Unfortunately for Ready at Dawn, while they’ve picked some popular or well-received mechanics to build this game around, there’s no soul to any of it. The Order feels like it was designed by a committee whose task was to build a game around what was popular with critics and customers alike. If you look at the top games of 2015, how many of them look like they were designed by a focus group? This one screams focus grouped to death and suffers for it.
That’s not to say that the devs didn’t put their own little spin on things. While most of the guns felt a dime a dozen, there are two or three unique guns including a lightning gun and one that shoots an incendiary cloud. The field-of-view is pretty tight to your character so your vision is nearly zero in cover. I absolutely hated shooting for this reason but it set the game apart from other third-person shooters so I’ll give them credit for a unique take on a mechanic in this game.

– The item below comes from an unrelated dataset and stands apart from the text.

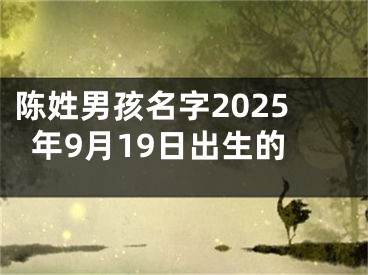 陈姓男孩名字2025年9月19日出生的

Sadly, even the cherry-picked mechanics didn’t work perfectly. Cover didn’t always seem to protect you. It was also incredibly easy to walk out of cover when cover worked the exact same way it does in most third-person shooters. You could walk out the end or behind rather than lean or move slowly just based on the camera angle being tilted the wrong way. For some reason, the only challenging enemies were shotgunners with overpowered weapons and near-impenetrable armor. The sprint button (L3) was largely unresponsive. I don’t think your allies will record a single kill during the whole game. There were a few forced stealth sections with instant fail states and I couldn’t for the life of me figure out what was the range and width of vision was for the guards to stealth kill. As a result, I died so many times in the two forced stealth sections that I was ready to give up the game.

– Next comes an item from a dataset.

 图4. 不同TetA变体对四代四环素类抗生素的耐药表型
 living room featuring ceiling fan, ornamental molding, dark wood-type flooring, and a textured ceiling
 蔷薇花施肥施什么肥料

In total, The Order is about eight hours long, though some have finished it in about six hours. The disappointing part of that short playtime is that so little of it is actively shooting or platforming. Most of the game is spent watching cutscenes or walking (not platforming) or picking up interactive objects in the world that are of no consequence. Even though eight hours isn’t exceptionally short for a modern triple-A shooter, this game is padded out to that length and certainly felt it. I was ready for it to end after about four hours.
There’s no replayability to The Order either. Without decisions, it’s the same experience every time. It sure looked like it was going to be a co-op shooter in early stages but that’s not the case. In fact, there’s no multiplayer at all which is amazing considering the unique weapons seem like they’d be great for multiplayer. Hell, with the Lycans, it seems like there was an opening for asymmetric multiplayer but that was passed on too. Ready at Dawn spent five years developing this game, didn’t get it out until 16 months after the PS4 launched and it still feels like it was rushed out the door.
Conclusion
I’m not sure what the worst part of The Order: 1886 is. The fact that it is so soulless and uninspired in its design is a massive strike against it. The utterly generic story and gameplay doesn’t help. The fact that it feels like a chore to play through at such a short length is the third strike but that implies that there weren’t dozens of strikes against it before that.

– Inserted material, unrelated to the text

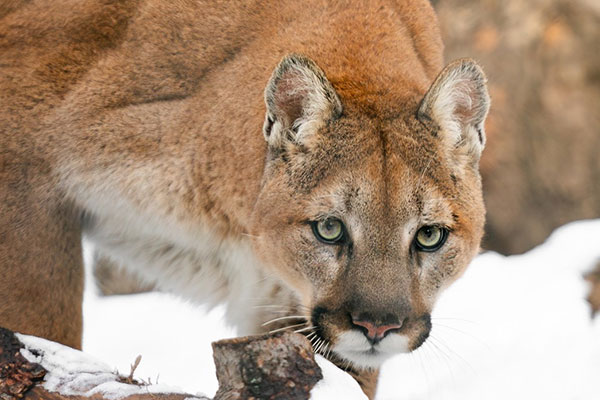 Mountain lion stalking something in the snow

There are some people who make recommendations like buy or rent or wait for a sale or avoid altogether. I wouldn’t recommend this game to anyone unless you wanted to show off the graphical potential of the PS4. And even if you do want to buy it, I’d still recommend waiting for a sale and it’s only $20 new right now. At $10, it’s just about perfectly priced. To think there were people who spend $60 on this.
Rating: 4.0/10
The Order: 1886 was reviewed on PlayStation 4 and is an exclusive title as of writing. Your impressions of the game may differ.